[[ Source records, beginning ]]

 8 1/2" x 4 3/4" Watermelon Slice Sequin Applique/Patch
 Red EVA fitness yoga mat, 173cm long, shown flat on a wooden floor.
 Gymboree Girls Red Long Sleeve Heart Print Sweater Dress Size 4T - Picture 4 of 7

[[ Source records, end ]]
[[ Source records, beginning ]]

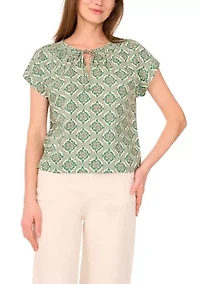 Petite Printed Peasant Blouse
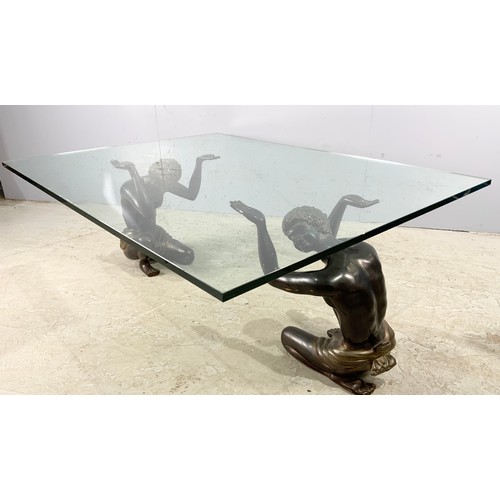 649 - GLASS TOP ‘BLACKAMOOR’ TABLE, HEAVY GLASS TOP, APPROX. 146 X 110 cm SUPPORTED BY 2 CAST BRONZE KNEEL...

[[ Source records, end ]]

The required answer is the exact run of lines above starting at the line with "Slice Sequin Applique/Patch" and ending at the line with "Gymboree Girls Red", with both ends present.

> **Response to this task**
 8 1/2" x 4 3/4" Watermelon Slice Sequin Applique/Patch
 Red EVA fitness yoga mat, 173cm long, shown flat on a wooden floor.
 Gymboree Girls Red Long Sleeve Heart Print Sweater Dress Size 4T - Picture 4 of 7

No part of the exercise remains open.